I guess I will wait the 7 days and then check for queen rightness. My biggest fear is that I lost the queen during the die-off.


----------



## wildbranch2007 (Dec 3, 2008)

did you verify the expiration date? If they are expired they work as a flash treatment more so than normal.


----------



## Tombee MI (Apr 19, 2017)

Thanks wildbranch2007, I did look at the expiration date. It is 8/1/2017 I thought that would be ok as I still have a couple of months yet. Maybe I was too close to the expiration date?


----------



## BigBlackBirds (Aug 26, 2011)

You were within a reasonable temp to use formic but its not uncommon to see some dead bees with it. Unless there were dead bees in piles inches deep in front of the hive its probably not an issue. It tends to harm queens that arent all that great and close to supercedure anyway. Even if you lost the queen, they normally replace her so even in such a case theres still hope. 

Was this a good sized colony or something smaller? Its possible to overdose a small colony like a single/new split/recently swarmed colony using both pads. And you can have more risks when it flashes vs slow release but in the gel form its pretty stable.


----------



## Tombee MI (Apr 19, 2017)

Thanks BIGBLACKBIRDS, It was a nuc that I installed 5 weeks ago. they seemed to be doing really good and I put a second deep box on 2 weeks ago and they had a lot of brood in both upper and lower boxes at the time of treatment.


----------



## BigBlackBirds (Aug 26, 2011)

Personally I'd probably have only used one strip vs two. I normally use two later in the summer when they are at very large population. Otherwise I use one but go back with a second dose later if needed. 

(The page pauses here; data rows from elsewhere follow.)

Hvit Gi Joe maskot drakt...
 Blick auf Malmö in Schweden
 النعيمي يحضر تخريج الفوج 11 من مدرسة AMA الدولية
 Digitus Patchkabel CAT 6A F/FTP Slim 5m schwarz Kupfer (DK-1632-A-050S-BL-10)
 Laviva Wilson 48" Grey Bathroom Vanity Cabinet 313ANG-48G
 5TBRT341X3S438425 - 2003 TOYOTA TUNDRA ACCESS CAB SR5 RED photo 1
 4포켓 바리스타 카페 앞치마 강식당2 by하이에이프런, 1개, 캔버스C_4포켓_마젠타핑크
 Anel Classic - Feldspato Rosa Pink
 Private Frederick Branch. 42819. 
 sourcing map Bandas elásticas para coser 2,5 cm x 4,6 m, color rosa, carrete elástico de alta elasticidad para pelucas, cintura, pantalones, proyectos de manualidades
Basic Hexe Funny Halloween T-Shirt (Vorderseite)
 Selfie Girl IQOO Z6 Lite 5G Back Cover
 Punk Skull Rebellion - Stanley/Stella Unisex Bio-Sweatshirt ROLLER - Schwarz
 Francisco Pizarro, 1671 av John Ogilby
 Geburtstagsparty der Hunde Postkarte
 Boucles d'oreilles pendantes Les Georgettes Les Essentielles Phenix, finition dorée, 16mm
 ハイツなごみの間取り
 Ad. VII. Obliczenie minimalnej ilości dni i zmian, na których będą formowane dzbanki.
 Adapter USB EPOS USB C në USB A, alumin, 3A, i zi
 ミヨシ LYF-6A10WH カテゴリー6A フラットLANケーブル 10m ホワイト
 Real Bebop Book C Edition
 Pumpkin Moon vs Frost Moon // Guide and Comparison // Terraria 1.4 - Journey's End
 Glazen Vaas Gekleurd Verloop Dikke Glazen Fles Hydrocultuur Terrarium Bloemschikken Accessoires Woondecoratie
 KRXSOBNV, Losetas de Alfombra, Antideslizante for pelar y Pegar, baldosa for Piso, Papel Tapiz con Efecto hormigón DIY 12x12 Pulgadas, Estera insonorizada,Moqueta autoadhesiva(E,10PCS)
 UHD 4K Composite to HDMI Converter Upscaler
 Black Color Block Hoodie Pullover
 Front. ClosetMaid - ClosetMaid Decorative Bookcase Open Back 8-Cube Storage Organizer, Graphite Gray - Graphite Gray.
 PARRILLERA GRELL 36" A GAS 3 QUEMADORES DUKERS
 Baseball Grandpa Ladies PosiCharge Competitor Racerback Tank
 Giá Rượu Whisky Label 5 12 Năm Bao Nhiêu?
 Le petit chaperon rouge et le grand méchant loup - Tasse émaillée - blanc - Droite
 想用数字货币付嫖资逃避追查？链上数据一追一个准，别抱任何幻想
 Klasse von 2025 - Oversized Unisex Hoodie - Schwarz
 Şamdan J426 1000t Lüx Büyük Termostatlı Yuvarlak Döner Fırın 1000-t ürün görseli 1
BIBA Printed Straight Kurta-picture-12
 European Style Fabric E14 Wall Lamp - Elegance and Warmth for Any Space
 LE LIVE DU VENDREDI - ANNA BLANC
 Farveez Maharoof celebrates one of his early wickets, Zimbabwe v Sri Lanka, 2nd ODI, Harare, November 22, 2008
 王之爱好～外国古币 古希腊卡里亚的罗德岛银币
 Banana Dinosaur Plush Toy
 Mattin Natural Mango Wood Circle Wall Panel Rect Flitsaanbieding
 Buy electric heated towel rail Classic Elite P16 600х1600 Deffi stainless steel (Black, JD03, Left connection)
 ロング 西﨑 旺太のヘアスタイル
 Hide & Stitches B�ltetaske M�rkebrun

Depending on how the nuc was made, source of bees, etc, there's often a good chance that there was a brood break somewhere in the process and mite load isnt all that high at moment and treatment can be postponed until later. Did you happen to take any pre-treatment samples?


----------



## Tombee MI (Apr 19, 2017)

No I did not do a check first. I was told by a man that has been keeping bees for 20 years that he never does checks he just treats them two times per year. I guess this will be a learning experience for me but I hope it is not at the expense of the bees. I think I will look into oxcilic acid treatment instead.


----------



## wildbranch2007 (Dec 3, 2008)

the good news is if it was a nuc you should have had a young queen in there, good luck.


----------



## BigBlackBirds (Aug 26, 2011)

Tombee MI said:


> No I did not do a check first. I was told by a man that has been keeping bees for 20 years that he never does checks he just treats them two times per year. I guess this will be a learning experience for me but I hope it is not at the expense of the bees. I think I will look into oxcilic acid treatment instead.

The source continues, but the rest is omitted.